Your task:
Range to copy from the entries below: the line containing "Chief Mansplainer Sticker Badge" through the line containing "Temario de oposiciones.", inclusive. Retype only those lines, exactly, without any images.

Available data:
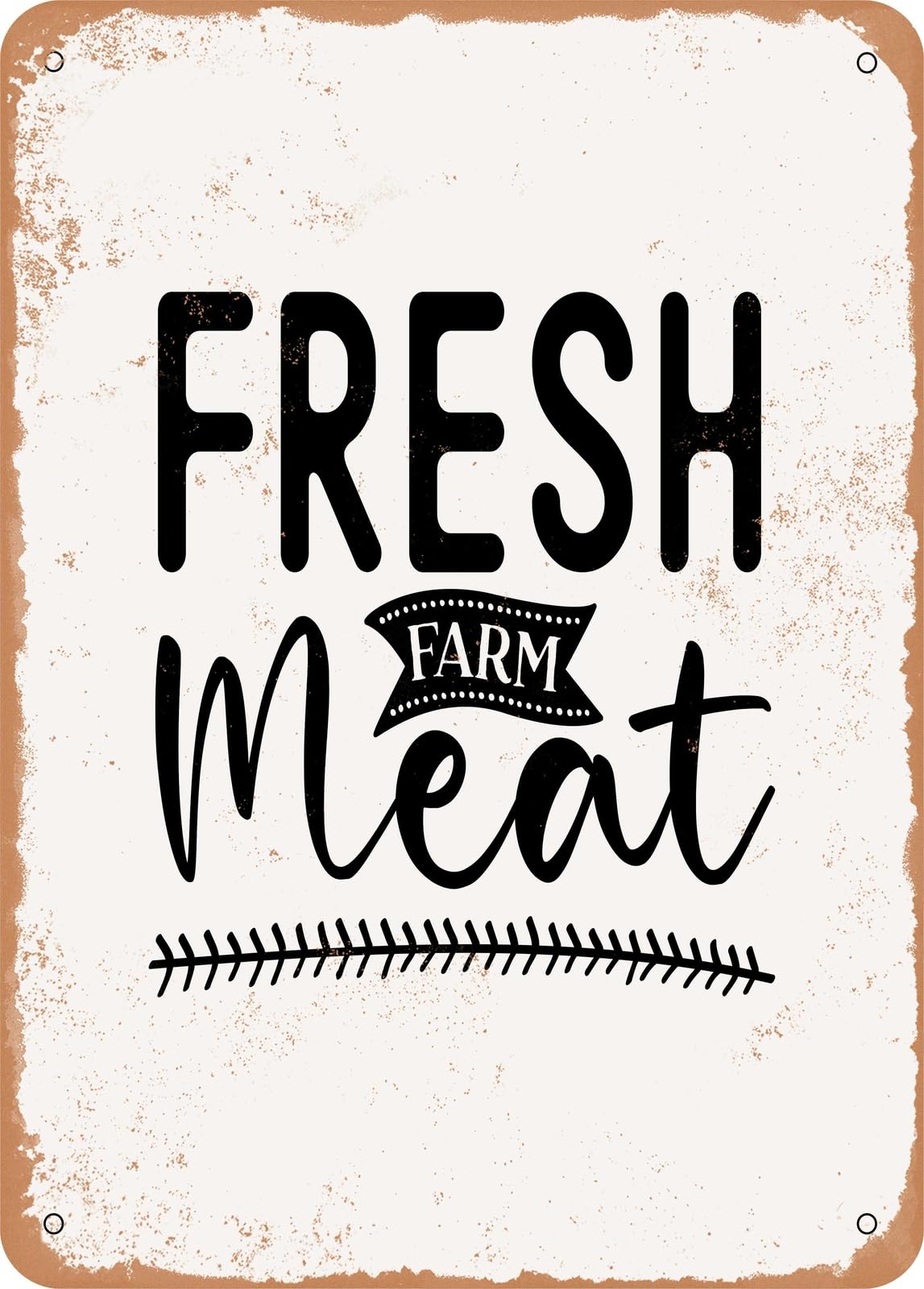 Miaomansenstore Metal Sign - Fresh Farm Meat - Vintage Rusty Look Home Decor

...

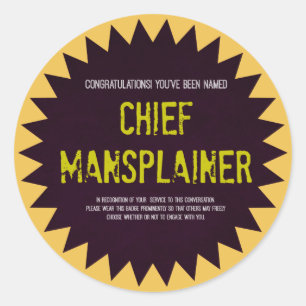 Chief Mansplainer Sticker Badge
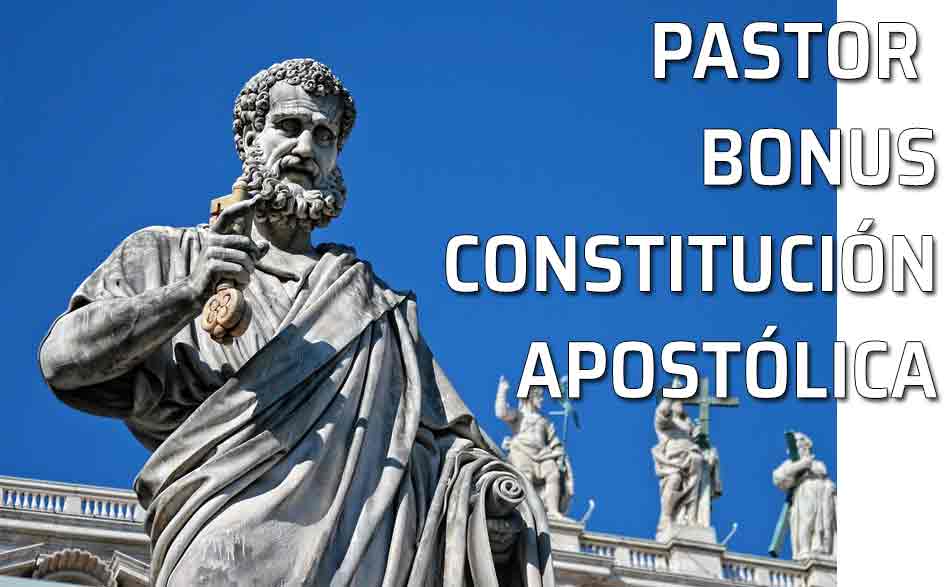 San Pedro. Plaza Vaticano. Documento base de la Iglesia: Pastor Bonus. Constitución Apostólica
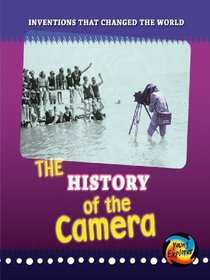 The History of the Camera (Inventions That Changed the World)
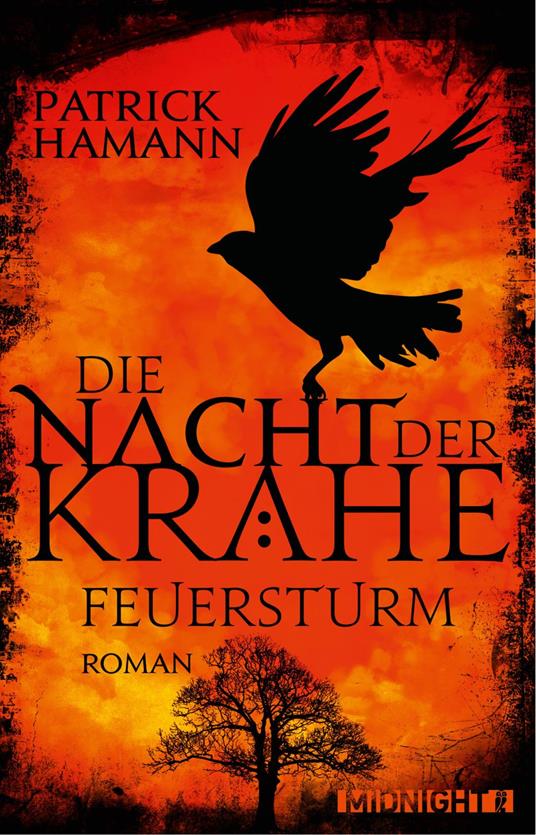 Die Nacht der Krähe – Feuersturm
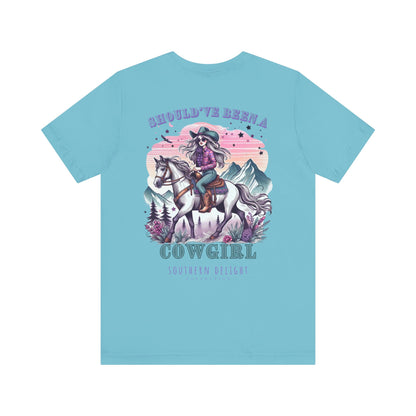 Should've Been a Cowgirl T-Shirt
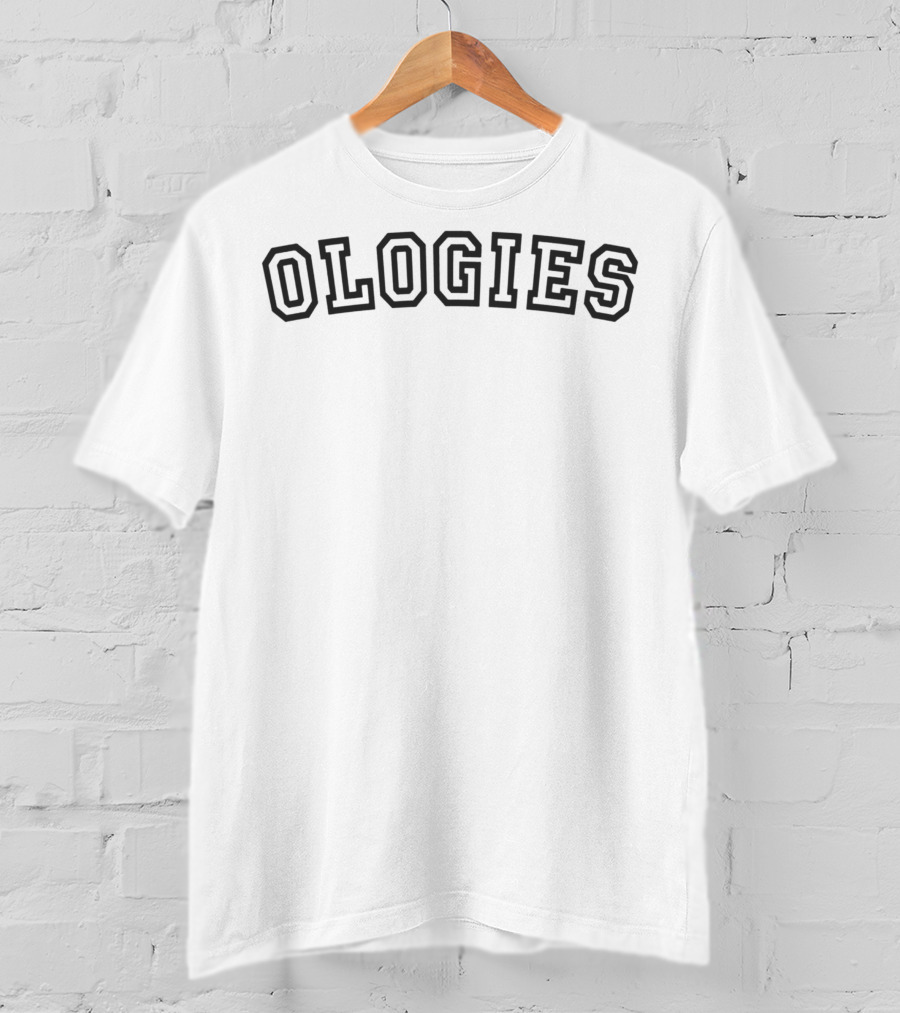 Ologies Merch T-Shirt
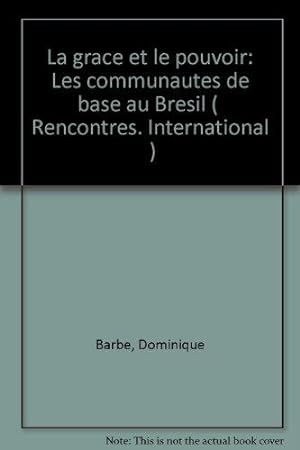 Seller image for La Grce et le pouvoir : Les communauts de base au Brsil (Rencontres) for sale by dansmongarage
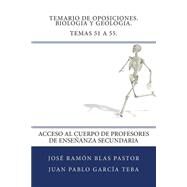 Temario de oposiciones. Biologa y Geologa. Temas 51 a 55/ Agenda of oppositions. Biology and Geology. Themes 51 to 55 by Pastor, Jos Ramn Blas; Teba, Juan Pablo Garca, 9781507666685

Finished task:
 Chief Mansplainer Sticker Badge
 San Pedro. Plaza Vaticano. Documento base de la Iglesia: Pastor Bonus. Constitución Apostólica
 The History of the Camera (Inventions That Changed the World)
 Die Nacht der Krähe – Feuersturm
 Should've Been a Cowgirl T-Shirt
 Ologies Merch T-Shirt
 Seller image for La Grce et le pouvoir : Les communauts de base au Brsil (Rencontres) for sale by dansmongarage
 Temario de oposiciones. Biologa y Geologa. Temas 51 a 55/ Agenda of oppositions. Biology and Geology. Themes 51 to 55 by Pastor, Jos Ramn Blas; Teba, Juan Pablo Garca, 9781507666685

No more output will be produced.